◆ TASK DESCRIPTION
Return exactly the lines of the records below, starting at the line that contains "Profile Picture of" and ending at the line that contains "Apartment located in", with both of those lines kept.

Stored entries
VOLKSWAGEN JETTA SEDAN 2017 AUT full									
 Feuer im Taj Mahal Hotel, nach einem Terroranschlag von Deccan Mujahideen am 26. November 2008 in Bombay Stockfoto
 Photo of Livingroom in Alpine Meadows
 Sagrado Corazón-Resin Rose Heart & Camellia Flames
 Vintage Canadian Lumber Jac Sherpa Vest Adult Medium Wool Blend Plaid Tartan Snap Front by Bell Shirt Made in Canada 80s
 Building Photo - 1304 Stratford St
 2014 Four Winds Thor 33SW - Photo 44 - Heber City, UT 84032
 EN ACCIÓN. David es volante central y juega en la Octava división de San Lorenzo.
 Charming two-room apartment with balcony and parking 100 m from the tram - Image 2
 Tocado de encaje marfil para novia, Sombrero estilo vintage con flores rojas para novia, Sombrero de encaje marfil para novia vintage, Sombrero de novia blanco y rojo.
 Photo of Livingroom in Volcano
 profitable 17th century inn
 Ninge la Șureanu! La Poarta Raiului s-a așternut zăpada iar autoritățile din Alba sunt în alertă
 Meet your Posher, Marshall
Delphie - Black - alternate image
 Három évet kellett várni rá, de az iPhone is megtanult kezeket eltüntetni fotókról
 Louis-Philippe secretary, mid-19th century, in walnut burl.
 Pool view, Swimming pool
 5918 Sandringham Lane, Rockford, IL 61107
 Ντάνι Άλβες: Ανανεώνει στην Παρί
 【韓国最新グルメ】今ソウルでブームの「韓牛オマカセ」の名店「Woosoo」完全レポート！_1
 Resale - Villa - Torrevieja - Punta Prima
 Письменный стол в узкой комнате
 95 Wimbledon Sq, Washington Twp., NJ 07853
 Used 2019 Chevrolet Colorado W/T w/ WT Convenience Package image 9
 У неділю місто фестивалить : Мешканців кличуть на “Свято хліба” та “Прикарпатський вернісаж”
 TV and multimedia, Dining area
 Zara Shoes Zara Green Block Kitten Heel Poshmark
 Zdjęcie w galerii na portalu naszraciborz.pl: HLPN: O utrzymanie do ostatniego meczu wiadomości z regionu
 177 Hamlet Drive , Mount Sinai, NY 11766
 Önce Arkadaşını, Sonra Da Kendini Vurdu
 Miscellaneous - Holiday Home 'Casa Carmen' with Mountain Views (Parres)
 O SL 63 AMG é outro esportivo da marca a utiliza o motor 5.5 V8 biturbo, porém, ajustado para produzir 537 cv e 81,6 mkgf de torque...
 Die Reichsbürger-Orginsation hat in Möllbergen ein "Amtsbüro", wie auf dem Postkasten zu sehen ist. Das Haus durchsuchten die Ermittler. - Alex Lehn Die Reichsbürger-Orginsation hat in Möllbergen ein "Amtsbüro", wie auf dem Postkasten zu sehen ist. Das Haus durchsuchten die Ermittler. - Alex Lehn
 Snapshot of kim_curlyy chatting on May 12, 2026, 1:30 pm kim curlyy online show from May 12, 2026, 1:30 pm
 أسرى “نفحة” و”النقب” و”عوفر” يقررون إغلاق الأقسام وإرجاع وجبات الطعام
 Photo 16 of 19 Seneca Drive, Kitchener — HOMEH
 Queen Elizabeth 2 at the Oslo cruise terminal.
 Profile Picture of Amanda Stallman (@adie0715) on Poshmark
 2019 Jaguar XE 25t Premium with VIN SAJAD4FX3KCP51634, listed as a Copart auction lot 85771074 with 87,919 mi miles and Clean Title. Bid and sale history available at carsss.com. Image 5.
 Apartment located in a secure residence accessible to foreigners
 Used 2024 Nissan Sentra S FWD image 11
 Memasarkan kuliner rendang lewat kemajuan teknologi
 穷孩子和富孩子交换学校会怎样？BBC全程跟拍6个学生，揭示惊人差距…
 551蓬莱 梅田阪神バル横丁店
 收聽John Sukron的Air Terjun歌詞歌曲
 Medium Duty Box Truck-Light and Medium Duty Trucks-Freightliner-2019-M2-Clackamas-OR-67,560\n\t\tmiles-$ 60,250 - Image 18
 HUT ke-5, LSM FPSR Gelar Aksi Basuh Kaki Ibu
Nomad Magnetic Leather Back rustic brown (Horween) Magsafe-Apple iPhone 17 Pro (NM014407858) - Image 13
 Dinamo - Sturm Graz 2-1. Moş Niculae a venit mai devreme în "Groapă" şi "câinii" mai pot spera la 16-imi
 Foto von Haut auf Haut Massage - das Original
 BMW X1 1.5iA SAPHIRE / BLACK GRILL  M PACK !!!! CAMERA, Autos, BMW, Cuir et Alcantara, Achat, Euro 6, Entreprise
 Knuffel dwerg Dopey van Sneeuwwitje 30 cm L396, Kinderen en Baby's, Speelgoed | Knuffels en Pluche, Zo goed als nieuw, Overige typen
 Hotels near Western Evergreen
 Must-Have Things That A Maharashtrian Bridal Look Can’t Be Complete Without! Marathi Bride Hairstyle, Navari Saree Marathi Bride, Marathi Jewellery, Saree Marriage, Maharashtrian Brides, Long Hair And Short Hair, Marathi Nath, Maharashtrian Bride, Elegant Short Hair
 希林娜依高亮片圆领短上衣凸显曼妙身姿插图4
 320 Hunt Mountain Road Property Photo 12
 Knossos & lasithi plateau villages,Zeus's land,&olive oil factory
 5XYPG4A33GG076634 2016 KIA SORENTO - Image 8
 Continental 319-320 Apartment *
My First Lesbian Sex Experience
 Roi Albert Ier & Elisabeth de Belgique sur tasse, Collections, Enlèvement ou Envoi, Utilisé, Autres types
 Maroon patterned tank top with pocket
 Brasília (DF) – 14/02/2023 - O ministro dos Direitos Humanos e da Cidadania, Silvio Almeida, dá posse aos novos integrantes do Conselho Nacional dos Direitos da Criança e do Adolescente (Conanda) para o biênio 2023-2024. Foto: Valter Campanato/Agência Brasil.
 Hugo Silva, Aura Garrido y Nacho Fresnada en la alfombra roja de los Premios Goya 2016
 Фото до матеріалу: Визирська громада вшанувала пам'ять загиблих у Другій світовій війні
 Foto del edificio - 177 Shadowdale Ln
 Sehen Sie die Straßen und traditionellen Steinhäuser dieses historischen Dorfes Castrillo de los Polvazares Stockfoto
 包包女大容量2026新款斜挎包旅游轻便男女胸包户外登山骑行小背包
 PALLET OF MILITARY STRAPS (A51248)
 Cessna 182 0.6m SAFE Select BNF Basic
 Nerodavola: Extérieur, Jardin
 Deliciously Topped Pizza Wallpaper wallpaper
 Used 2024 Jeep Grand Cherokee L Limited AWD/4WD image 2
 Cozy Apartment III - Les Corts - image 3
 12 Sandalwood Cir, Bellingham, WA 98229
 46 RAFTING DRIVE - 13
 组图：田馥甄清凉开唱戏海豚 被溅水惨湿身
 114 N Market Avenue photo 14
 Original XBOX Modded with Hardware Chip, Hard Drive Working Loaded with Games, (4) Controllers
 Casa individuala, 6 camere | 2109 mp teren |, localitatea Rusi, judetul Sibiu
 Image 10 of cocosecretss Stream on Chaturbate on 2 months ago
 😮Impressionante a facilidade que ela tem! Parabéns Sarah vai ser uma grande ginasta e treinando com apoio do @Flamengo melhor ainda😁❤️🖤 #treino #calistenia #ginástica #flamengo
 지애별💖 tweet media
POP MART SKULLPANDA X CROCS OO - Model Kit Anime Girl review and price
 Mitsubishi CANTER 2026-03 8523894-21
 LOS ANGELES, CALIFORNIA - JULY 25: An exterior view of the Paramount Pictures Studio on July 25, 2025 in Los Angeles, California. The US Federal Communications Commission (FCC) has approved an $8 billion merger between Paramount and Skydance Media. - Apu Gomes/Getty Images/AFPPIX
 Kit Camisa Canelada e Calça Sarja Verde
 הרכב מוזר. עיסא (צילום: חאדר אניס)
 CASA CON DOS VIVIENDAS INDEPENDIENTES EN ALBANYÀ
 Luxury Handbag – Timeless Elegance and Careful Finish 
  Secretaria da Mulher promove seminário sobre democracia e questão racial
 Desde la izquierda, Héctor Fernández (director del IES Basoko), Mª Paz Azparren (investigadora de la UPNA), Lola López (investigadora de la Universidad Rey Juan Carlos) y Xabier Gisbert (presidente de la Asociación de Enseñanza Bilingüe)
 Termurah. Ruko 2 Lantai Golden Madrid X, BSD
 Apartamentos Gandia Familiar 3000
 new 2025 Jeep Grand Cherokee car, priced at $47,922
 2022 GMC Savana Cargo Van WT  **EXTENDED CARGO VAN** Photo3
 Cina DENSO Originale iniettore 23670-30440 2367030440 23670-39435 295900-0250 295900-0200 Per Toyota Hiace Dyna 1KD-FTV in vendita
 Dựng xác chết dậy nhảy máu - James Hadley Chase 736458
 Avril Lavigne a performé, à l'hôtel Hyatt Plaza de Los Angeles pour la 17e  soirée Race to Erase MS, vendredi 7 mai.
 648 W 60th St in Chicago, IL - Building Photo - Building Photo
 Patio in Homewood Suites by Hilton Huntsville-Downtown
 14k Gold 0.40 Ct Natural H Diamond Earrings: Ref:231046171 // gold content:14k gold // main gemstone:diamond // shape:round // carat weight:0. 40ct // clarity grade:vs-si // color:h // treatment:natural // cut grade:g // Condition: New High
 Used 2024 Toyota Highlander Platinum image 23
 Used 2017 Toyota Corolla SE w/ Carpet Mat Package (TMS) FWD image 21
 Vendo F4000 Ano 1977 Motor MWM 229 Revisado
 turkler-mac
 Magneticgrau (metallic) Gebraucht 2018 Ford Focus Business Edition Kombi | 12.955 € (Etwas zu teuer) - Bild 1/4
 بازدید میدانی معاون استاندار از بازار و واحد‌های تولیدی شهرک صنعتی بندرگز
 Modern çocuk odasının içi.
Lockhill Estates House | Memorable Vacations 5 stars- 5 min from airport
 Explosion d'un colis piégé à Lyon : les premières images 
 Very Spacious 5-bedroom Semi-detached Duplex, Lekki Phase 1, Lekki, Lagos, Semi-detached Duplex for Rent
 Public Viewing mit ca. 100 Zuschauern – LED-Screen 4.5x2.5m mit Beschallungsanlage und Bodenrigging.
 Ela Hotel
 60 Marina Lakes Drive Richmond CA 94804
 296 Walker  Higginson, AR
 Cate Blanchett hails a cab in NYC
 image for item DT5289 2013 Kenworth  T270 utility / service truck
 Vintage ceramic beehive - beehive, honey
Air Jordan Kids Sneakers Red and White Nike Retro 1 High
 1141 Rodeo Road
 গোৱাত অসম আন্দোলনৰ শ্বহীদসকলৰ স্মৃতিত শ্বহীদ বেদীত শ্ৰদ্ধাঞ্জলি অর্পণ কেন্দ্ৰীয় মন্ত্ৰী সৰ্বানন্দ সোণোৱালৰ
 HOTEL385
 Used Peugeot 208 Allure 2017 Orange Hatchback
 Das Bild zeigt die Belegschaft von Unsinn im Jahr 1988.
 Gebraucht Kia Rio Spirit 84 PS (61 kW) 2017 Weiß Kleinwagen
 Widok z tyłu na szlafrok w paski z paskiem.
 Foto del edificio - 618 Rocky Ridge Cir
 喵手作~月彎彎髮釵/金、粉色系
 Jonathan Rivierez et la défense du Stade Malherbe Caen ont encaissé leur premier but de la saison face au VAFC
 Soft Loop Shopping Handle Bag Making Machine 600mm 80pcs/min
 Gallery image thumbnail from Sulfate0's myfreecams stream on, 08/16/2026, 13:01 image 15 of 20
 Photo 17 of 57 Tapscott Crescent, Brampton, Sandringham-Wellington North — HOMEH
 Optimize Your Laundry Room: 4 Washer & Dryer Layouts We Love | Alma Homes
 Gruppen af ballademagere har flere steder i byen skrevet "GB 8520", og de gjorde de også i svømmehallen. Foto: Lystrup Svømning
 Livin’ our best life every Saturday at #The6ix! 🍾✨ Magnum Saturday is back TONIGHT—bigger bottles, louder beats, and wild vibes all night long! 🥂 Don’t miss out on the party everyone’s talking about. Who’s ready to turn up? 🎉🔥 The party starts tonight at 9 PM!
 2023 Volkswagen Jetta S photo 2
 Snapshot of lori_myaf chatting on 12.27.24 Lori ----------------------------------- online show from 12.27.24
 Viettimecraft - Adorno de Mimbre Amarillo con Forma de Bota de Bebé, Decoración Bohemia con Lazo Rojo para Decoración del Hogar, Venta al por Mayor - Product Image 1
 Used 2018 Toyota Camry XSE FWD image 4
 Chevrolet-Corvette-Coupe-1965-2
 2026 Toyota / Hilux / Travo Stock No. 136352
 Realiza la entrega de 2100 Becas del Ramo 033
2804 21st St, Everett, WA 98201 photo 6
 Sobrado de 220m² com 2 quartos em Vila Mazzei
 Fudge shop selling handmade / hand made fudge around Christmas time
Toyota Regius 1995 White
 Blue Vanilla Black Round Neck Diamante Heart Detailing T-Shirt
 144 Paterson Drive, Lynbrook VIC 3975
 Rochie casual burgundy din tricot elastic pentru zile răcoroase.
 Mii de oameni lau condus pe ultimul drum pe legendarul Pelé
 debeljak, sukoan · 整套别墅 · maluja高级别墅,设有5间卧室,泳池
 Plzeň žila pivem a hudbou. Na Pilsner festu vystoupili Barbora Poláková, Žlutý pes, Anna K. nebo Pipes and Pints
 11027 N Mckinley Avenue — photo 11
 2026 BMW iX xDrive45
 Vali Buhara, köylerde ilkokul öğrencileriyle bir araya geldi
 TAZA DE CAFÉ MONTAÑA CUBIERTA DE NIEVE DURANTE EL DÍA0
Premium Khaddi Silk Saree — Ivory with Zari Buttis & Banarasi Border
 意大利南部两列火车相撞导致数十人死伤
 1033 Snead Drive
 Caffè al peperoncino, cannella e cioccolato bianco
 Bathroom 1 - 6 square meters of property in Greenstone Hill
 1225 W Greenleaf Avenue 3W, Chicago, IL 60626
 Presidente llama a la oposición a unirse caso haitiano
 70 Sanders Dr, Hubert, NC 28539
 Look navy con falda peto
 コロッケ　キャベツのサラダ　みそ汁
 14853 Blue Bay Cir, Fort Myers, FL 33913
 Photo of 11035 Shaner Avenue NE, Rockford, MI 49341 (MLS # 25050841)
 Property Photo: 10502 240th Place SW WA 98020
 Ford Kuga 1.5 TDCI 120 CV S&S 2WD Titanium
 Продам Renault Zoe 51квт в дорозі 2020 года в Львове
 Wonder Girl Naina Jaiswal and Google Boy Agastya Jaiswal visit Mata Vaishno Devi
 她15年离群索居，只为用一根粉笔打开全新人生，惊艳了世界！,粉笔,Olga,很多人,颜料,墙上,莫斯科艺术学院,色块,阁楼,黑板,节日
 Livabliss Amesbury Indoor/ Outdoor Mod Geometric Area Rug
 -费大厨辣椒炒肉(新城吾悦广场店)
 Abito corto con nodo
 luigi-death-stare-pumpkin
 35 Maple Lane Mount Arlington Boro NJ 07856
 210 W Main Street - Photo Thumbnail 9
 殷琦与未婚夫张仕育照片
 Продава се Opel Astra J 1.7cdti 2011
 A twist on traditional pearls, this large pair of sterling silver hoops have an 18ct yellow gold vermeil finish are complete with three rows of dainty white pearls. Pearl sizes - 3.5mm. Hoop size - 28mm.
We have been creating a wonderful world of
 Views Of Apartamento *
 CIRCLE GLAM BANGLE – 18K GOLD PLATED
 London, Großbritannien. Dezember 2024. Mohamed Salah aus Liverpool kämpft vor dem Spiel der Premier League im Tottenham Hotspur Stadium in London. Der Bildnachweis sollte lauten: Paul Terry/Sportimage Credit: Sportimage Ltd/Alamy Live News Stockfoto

◆ SOLUTION BELOW
 Profile Picture of Amanda Stallman (@adie0715) on Poshmark
 2019 Jaguar XE 25t Premium with VIN SAJAD4FX3KCP51634, listed as a Copart auction lot 85771074 with 87,919 mi miles and Clean Title. Bid and sale history available at carsss.com. Image 5.
 Apartment located in a secure residence accessible to foreigners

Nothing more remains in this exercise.